Data provided —
────
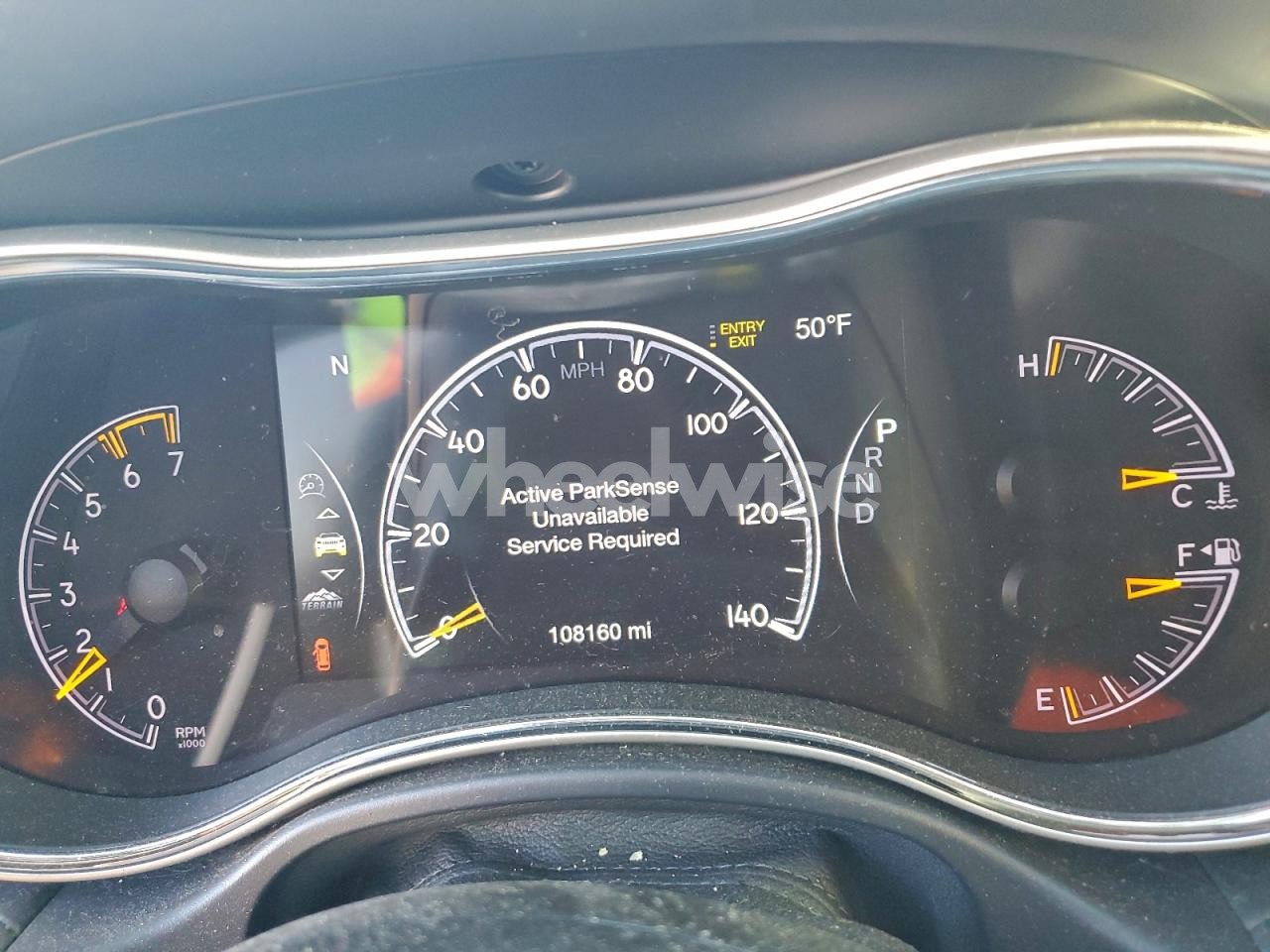 Photo 9 of 2018 JEEP GRAND CHEROKEE SUMMIT (VIN 1C4RJFJT4JC142545)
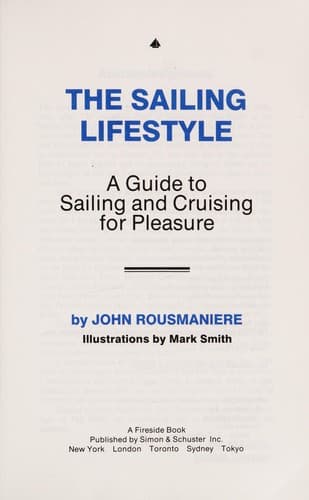 Tapa de The Sailing Lifestyle
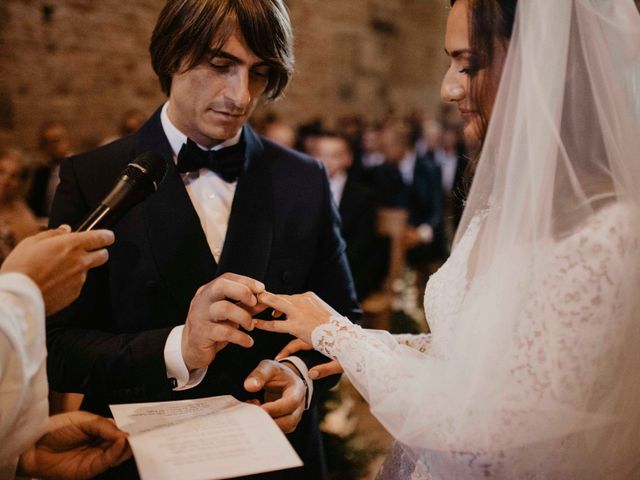 Il matrimonio di Vincenzo e Rebecca a Parella, Torino 52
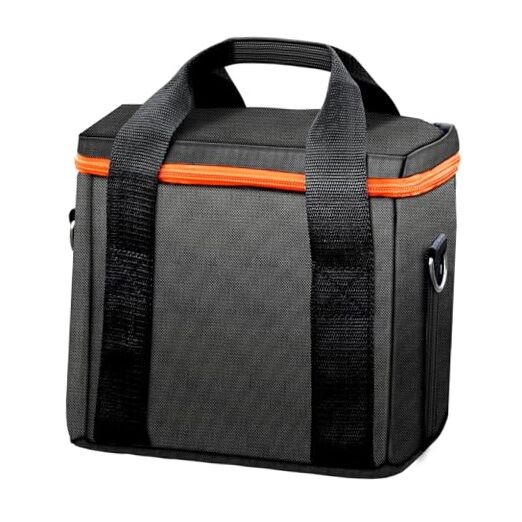 Estuche de Transporte Portátil Compatible con Centrales Eléctricas R200 Generador -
────
The answer is the full listing above, reproduced character for character, minus its images.

Result for this exercise —
 Photo 9 of 2018 JEEP GRAND CHEROKEE SUMMIT (VIN 1C4RJFJT4JC142545)
 Tapa de The Sailing Lifestyle
 Il matrimonio di Vincenzo e Rebecca a Parella, Torino 52
 Estuche de Transporte Portátil Compatible con Centrales Eléctricas R200 Generador -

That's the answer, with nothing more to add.